Affisso in bacheca un messaggio di auguri da parte dell'arcivescovo per la polizia penitenziaria. Ringrazia l'operato degli agenti verso coloro che hanno turbato la pace fuori ma che di ritrovare la pace hanno molto bisogno.
Chissà che emozioni ha suscitato nei lettori.
D’altronde i fantasmi sono quelli che vagano nel mondo alla ricerca disperata di trovare la pace. errando senza meta, condannati al desiderio mai esaudito di trovare un posto nel mondo, vagano tra le mura di un luogo che contiene senza contenere, sospesi in un limbo in terra.
Qualcuno più esplosivo si fa notare con gesti d’ira, altri si perdono nelle spire di una sostanza col desiderio dell’oblio.
Qualcuno resta in silenzio nella sua cella, in attesa di non sa cosa, in balia dei suoi pensieri.

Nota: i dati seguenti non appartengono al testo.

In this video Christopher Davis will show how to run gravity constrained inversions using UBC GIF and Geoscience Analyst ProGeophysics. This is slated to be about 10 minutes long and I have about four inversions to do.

Il tempo è offuscato come la vista, la nebbia si ripercuote nell’animo costruendo barriere dense e umide che rendono invisibile la sofferenza altrui.

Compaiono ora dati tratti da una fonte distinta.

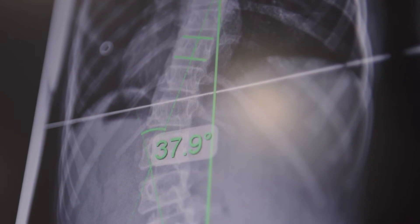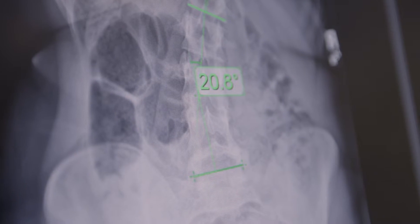In scoliosis, the spine develops an unnatural sideways curvature when viewed from the front. A scoliotic spine doesn't just bend unnaturally to one side — it also twists, giving it a rotational component that makes it a three-dimensional condition. To be diagnosed as scoliosis, a Cobb angle of 10 degrees or greater must be measured on an x-ray, and there must be rotation present.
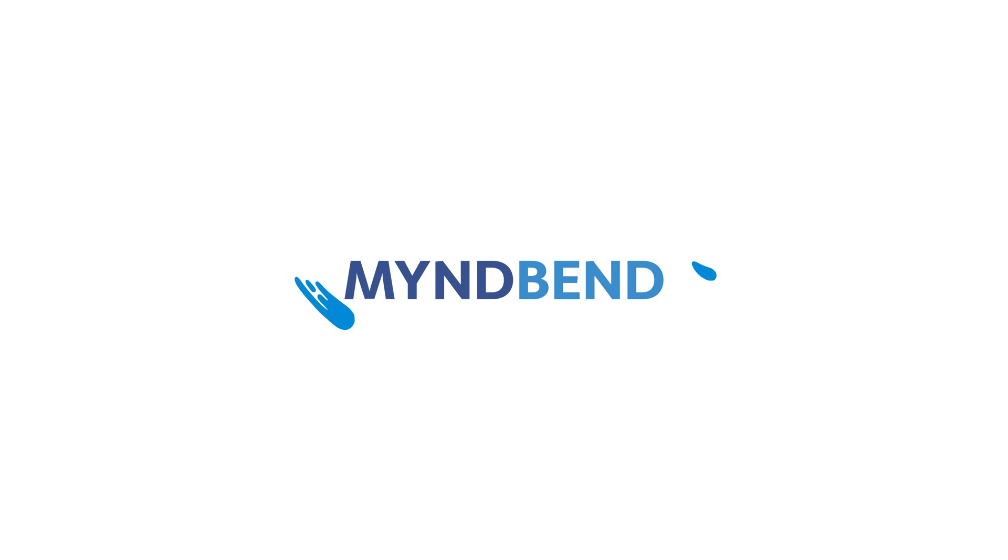MindBend Process Manager lets you automate common processes in Zendesk quickly and easily.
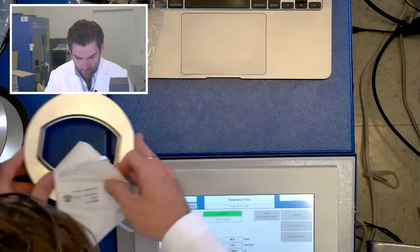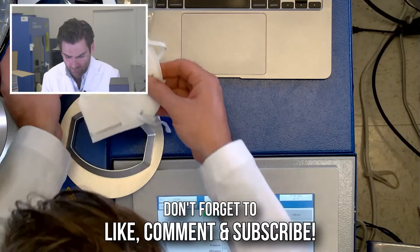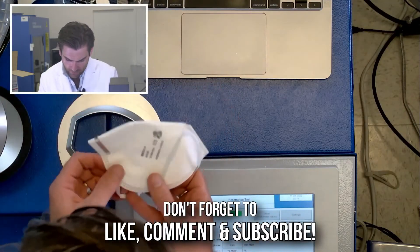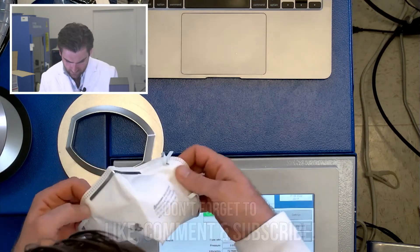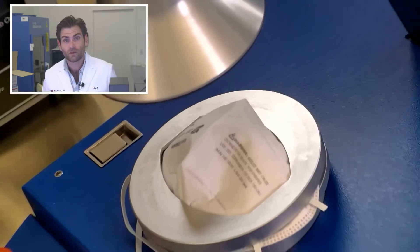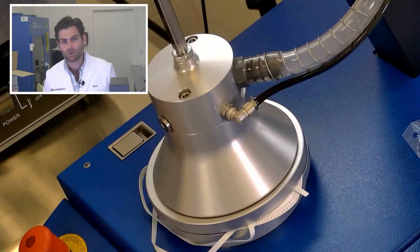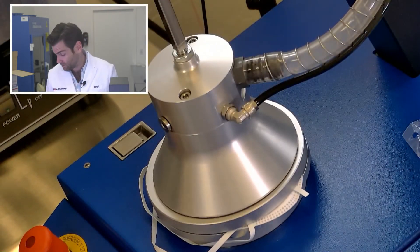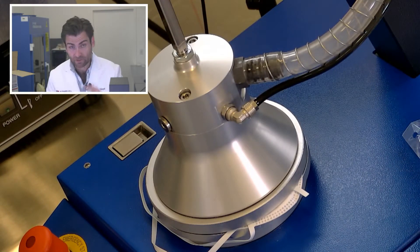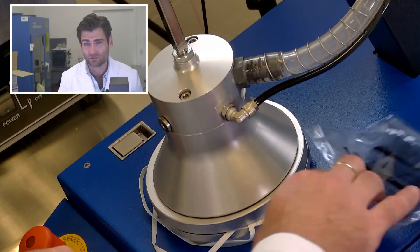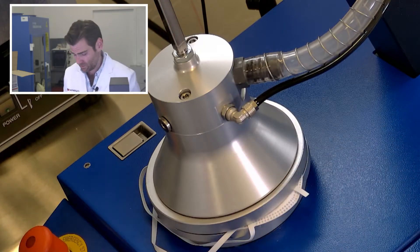Here we go. This is like the fifth 3M mask that we've had. This is the PFE machine, particulate filtration efficiency test. It looks like I'm running out of gas, because I am.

Non so quante volte ho sentito in questi giorni dalle persone dire che il loro tempo è fermo, che sentono di non esistere o peggio, che si augurano di non esistere.
Di non avere altro posto nel mondo, di ritrovarsi, tristemente, a sentirsi più accolti nello stare in carcere dove bene o male sentono un senso di appartenenza.
Spesso mi chiedo chi ha inventato le carceri di preciso che ha pensato. Ma come direbbe Basaglia “la logica dell’emarginazione poggia sull’espropriazione del corpo altrui”.
Credo che invece di interrogarci su cosa funziona e cosa non funziona nelle carceri bisognerebbe interrogarsi sul perché ci sia bisogno di un contenitore di degrado in cui congelare vite col risultato di creare delle gabbie mentali da cui la persona non è più capace di affrancarsi.
Nel frattempo schiavi di un loop senza via di fuga, come fantasmi non trovano modo di esistere in giro per le strade, “infestano” il loro castello lontano dagli sguardi della gente comune.
Il carcere a quel punto è l’unico luogo che in qualche modo fa ricordare loro che seppur spettri, esistono.